++++ GIVEN DATA ++++
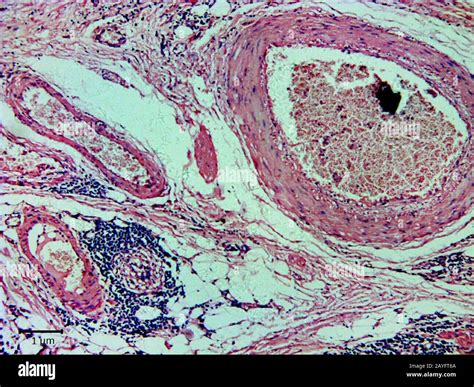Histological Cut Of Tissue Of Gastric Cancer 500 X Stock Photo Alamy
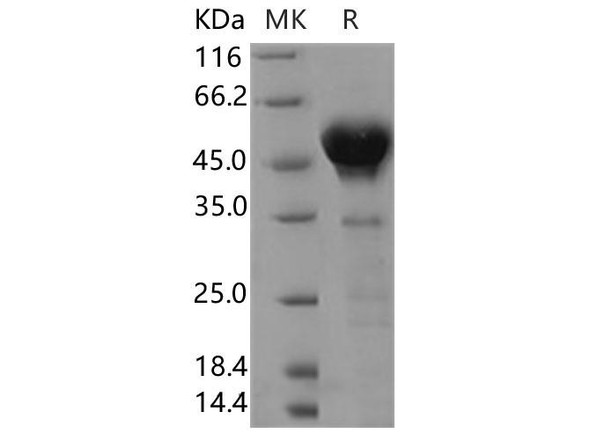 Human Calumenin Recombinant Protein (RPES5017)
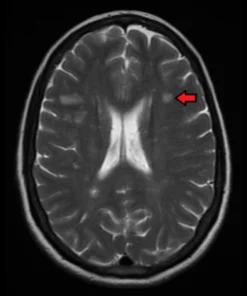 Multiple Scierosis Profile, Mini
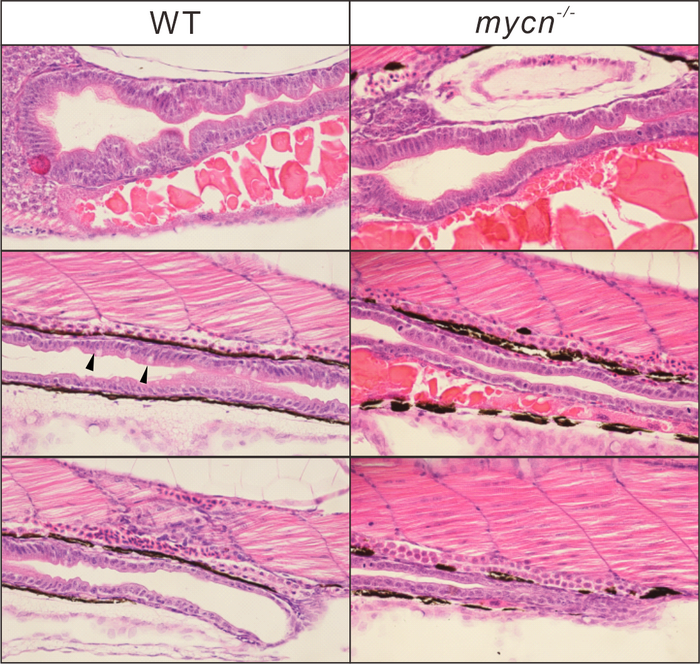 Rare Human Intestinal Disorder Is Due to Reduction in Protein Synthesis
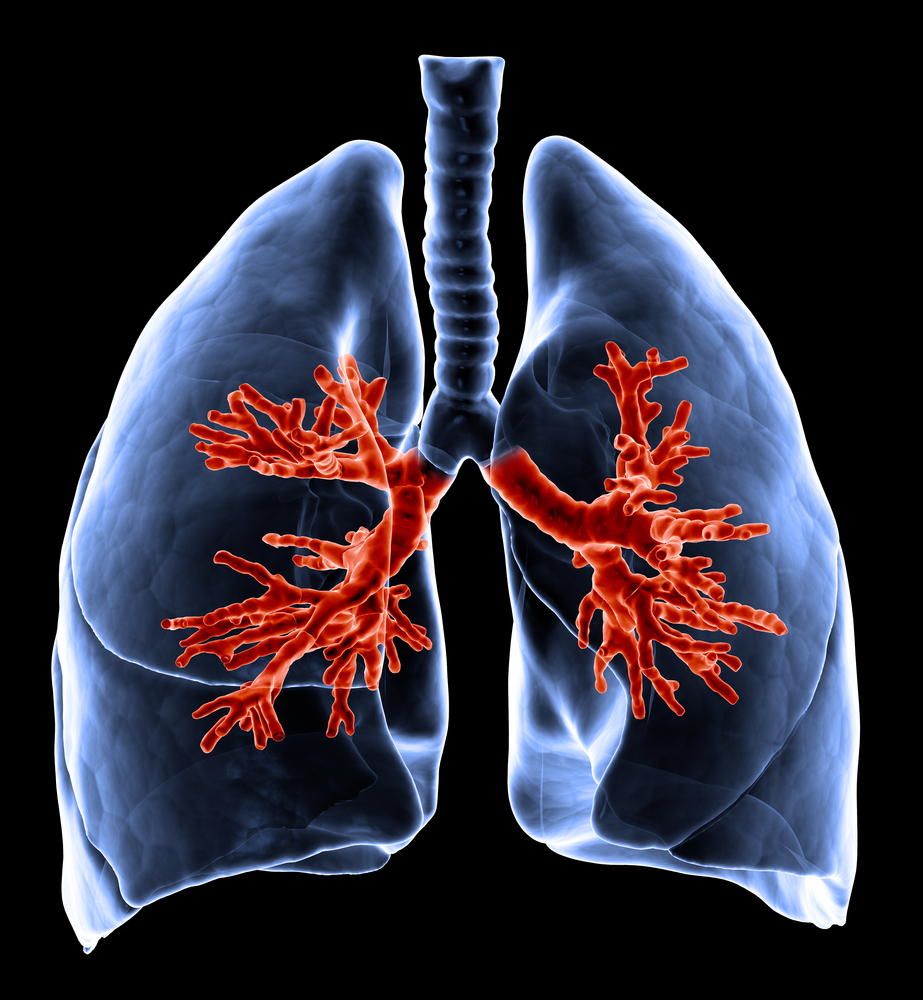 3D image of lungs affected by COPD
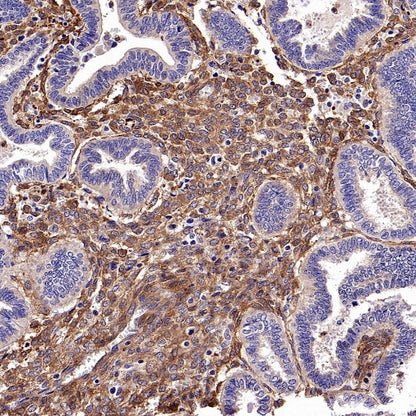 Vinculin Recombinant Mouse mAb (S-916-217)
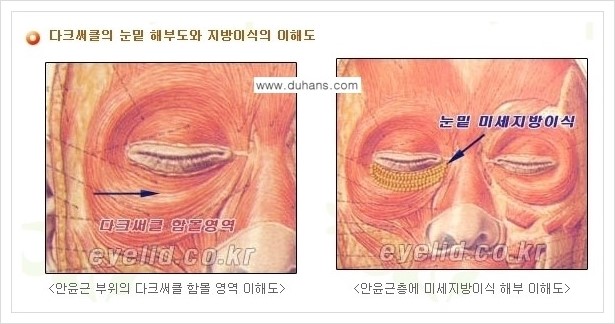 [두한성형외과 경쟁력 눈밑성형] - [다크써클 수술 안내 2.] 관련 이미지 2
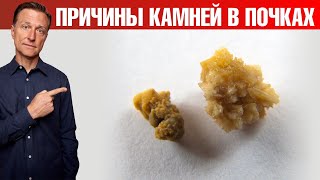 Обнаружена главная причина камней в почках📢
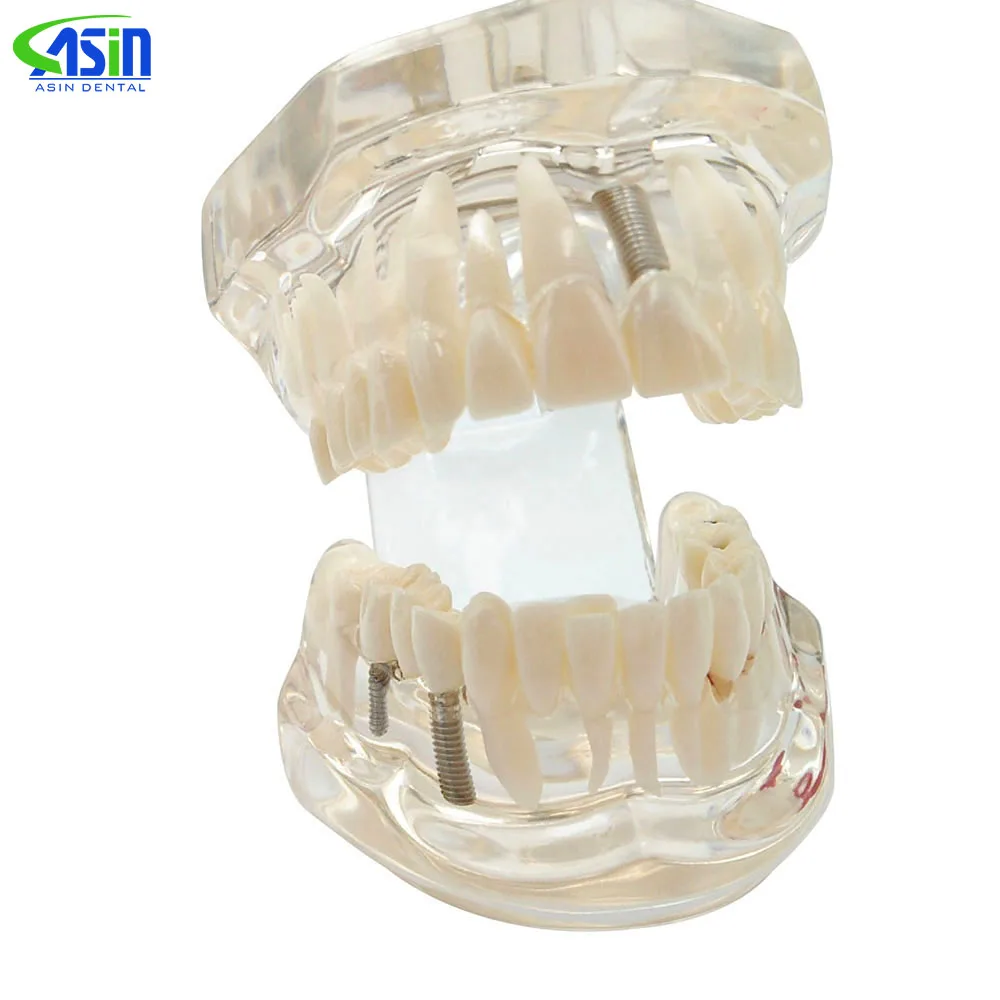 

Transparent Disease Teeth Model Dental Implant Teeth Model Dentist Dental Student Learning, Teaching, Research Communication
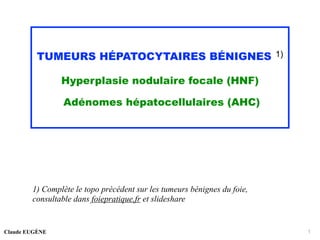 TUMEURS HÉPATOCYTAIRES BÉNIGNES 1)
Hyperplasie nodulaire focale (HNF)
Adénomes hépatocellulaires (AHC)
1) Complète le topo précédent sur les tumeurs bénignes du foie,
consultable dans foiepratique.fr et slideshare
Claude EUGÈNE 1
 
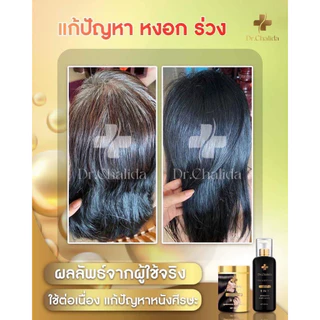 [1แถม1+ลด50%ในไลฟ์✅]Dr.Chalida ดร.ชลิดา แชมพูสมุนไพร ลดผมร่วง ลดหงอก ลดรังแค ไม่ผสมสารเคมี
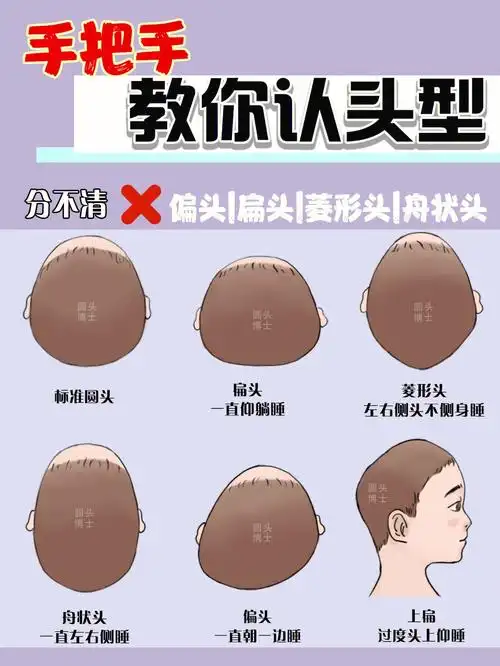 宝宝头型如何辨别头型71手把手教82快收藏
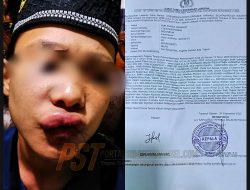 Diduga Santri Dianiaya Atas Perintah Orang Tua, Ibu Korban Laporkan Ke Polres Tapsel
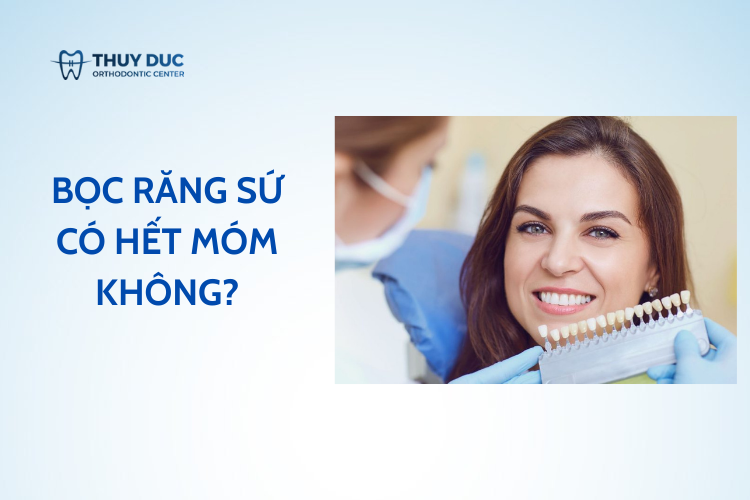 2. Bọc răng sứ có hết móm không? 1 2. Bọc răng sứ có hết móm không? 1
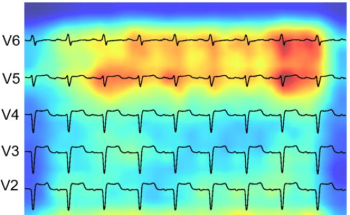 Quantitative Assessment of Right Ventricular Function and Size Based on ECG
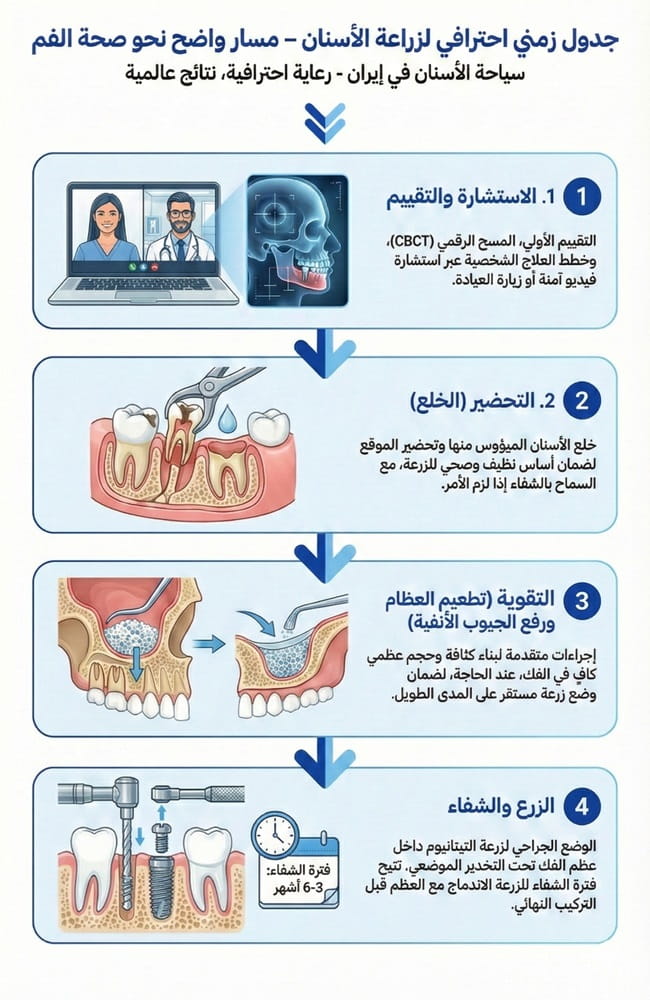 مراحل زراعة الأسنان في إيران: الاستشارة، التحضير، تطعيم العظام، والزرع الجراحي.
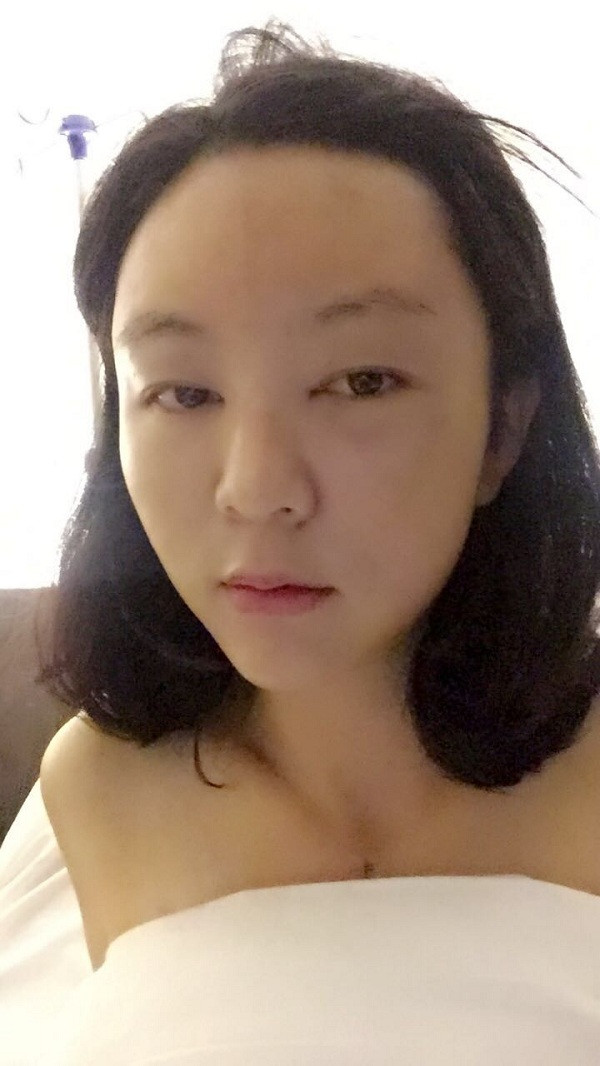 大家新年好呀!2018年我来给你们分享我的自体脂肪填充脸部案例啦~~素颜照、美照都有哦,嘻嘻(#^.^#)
++++
◆ HOW TO COMPLETE THIS TASK:
Reproduce all the data as it stands. The pictures are not part of the copy.

◆ ANSWER AREA:
Histological Cut Of Tissue Of Gastric Cancer 500 X Stock Photo Alamy
 Human Calumenin Recombinant Protein (RPES5017)
 Multiple Scierosis Profile, Mini
 Rare Human Intestinal Disorder Is Due to Reduction in Protein Synthesis
 3D image of lungs affected by COPD
 Vinculin Recombinant Mouse mAb (S-916-217)
 [두한성형외과 경쟁력 눈밑성형] - [다크써클 수술 안내 2.] 관련 이미지 2
 Обнаружена главная причина камней в почках📢

Transparent Disease Teeth Model Dental Implant Teeth Model Dentist Dental Student Learning, Teaching, Research Communication
 TUMEURS HÉPATOCYTAIRES BÉNIGNES 1)
Hyperplasie nodulaire focale (HNF)
Adénomes hépatocellulaires (AHC)
1) Complète le topo précédent sur les tumeurs bénignes du foie,
consultable dans foiepratique.fr et slideshare
Claude EUGÈNE 1
 
 [1แถม1+ลด50%ในไลฟ์✅]Dr.Chalida ดร.ชลิดา แชมพูสมุนไพร ลดผมร่วง ลดหงอก ลดรังแค ไม่ผสมสารเคมี
 宝宝头型如何辨别头型71手把手教82快收藏
 Diduga Santri Dianiaya Atas Perintah Orang Tua, Ibu Korban Laporkan Ke Polres Tapsel
 2. Bọc răng sứ có hết móm không? 1 2. Bọc răng sứ có hết móm không? 1
 Quantitative Assessment of Right Ventricular Function and Size Based on ECG
 مراحل زراعة الأسنان في إيران: الاستشارة، التحضير، تطعيم العظام، والزرع الجراحي.
 大家新年好呀!2018年我来给你们分享我的自体脂肪填充脸部案例啦~~素颜照、美照都有哦,嘻嘻(#^.^#)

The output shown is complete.